The lemon version installed on my system was 1.39. I just compiled the snapshot version and it indeed produced a realloc capable parser.

Many thanks.

15:49 Reply: lemon stack limit (artifact: fcc811f720 user: terpstra)

I just searched lemon.c from the latest sqlite snapshot tarball, and it has realloc nowhere inside a string. Also, the generated code does not have any calls to realloc. Are you sure this option exists?

I totally understand that having your own parser generator helped you. Having exactly the right tool for the job often does. Building your own tool essentially guarantees this property. :)

My current parser is a hand rolled recursive descent parser using precedence climbing. It slowly got larger over time and is now 1700 lines. The parser also mixes desugaring with parsing, which makes the code needlessly complex. I was hoping to refactor this into: proper grammar rules, a front-end AST, a verification stage, and a rewrite stage to desugar the AST. So I went looking for parser generators.

I believe my language is both LL(1) and LALR(1), but since the parser is hand rolled I couldn't verify this property easily. I wrote an initial description in lemon, and found it was indeed conflict free, so I am at least right about LALR(1).

I need right recursion amusingly exactly for the construct you quoted: lists. My language has right- and left- associative operators. The comma operator is right-associative, in order to act like a prepend 'cons' function. If I parsed it left-associative, the produced AST would be postpending symbols in the list. Yes, I could play games where I invert the associativity afterwards, but I hope you agree this should be done by the parser. The rest of the compiler has been structured to deal with very deep AST constructs, so I would lose arbitrarily deep list literals if I switched to a parser generator with a hard stack limit.

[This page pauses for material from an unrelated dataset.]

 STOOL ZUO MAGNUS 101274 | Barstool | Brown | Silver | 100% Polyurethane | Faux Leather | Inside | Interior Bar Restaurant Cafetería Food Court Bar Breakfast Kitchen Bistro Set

The other feature I am missing is the ability to stamp out copies of a set of very similar rules. My operator parsing rules take 30 lines in lemon. That's fine. However, there are 4 variants of those rules, with only minor differences based on whether I am parsing a type/expr/pattern/body. In the hand-rolled parser, the parser can consult a variable to decide whether or not to enable the special rules based on category. I could probably get all I need by using the C preprocessor to generate the lemon input, but that seems a bit crude.

06:35 Reply: lemon stack limit (artifact: 1817727d0e user: terpstra)

Yes, I know it can be increased, but in my situation, the only limit that would be appropriate is something proportional to the input file size. I will probably seek a different generator, given a few other limitations lemon has, but since I started experimenting with lemon first, I had hoped I could stick with it.

06:11 Post: lemon stack limit (artifact: bf99002e69 user: terpstra)

The lemon parser generator documentation says that it is maintained as part of the SQLlite project. I could not find an issue tracker for lemon, so I am posting here. If there is a more appropriate forum, please redirect me there.

My request: lemon has a fixed YYSTACKDEPTH depth. I have a grammar that uses a fairly deep right recursion. In my application, I'd prefer yystack to be a std::vector<> or equivalent. Is there already an option to remove the stack limit and if not, could it be added?

I could probably add this feature myself, but it's also not clear to me where I would submit a pull request for this project.